• **Assignment**
Repeat exactly what runs from the line containing "Central Lock Key" through the last line of the material below. Do not copy the pictures.

• **Data provided**

_____

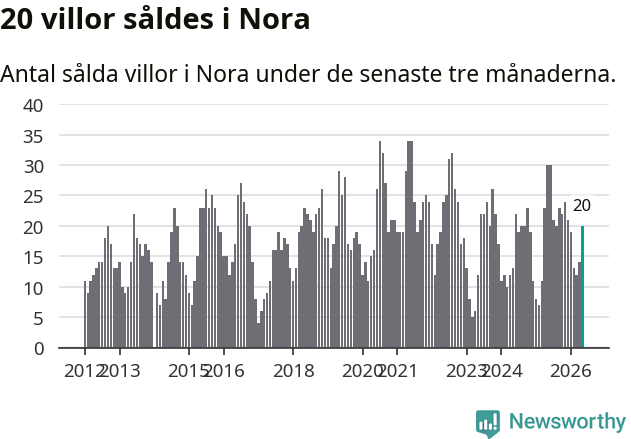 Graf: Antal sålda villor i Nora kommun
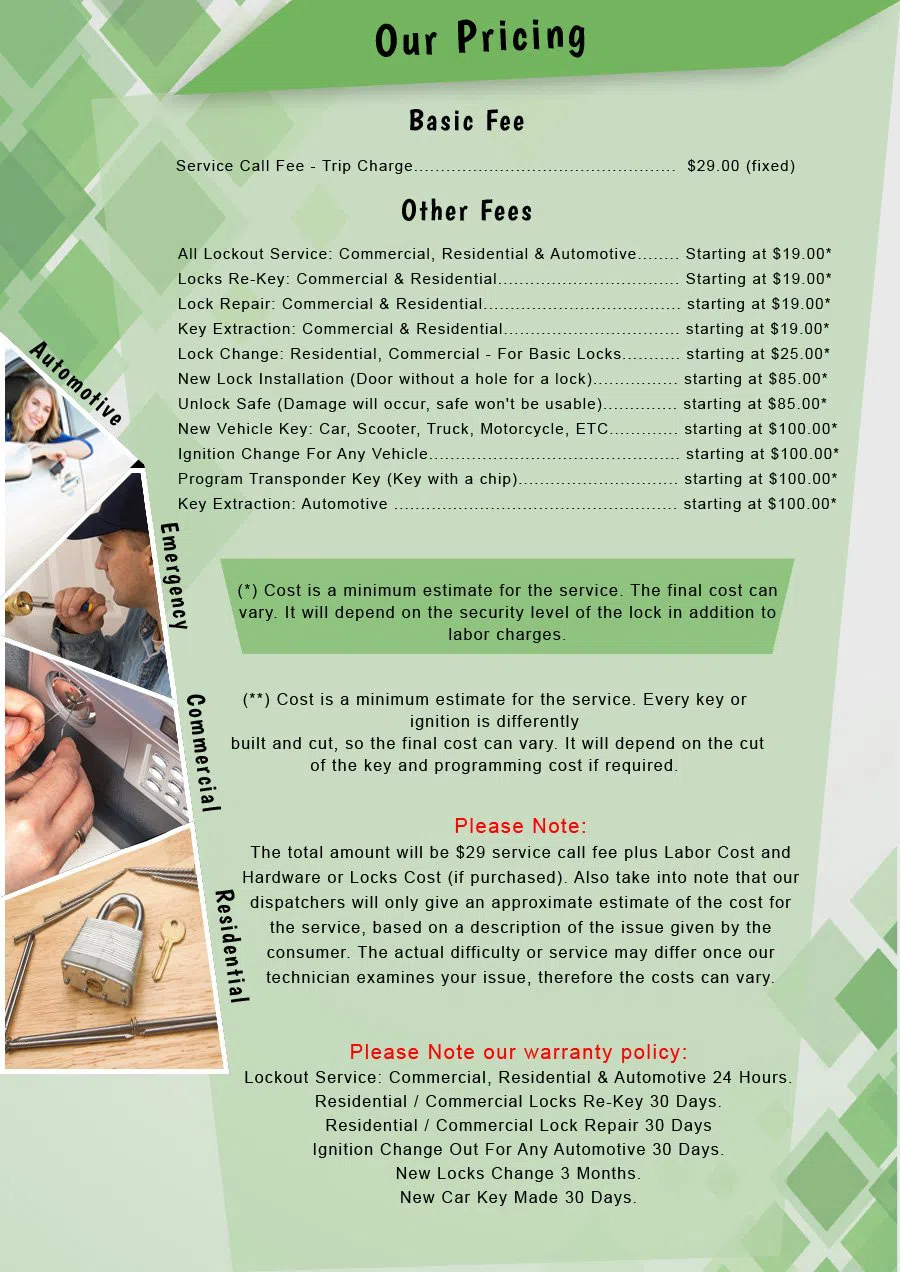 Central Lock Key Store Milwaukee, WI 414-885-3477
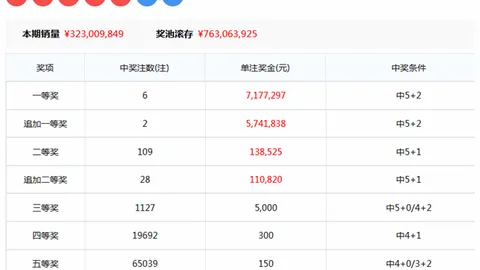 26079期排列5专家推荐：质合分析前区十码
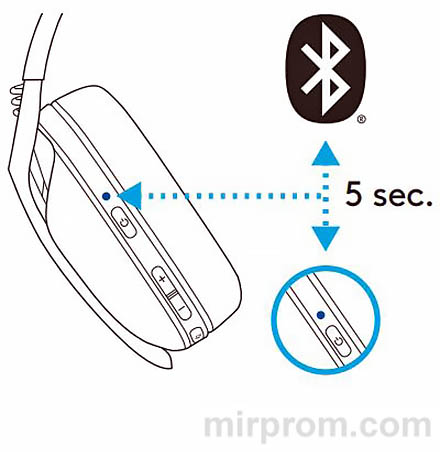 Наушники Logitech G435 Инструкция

_____

• **Solution to this task**
 Central Lock Key Store Milwaukee, WI 414-885-3477
 26079期排列5专家推荐：质合分析前区十码
 Наушники Logitech G435 Инструкция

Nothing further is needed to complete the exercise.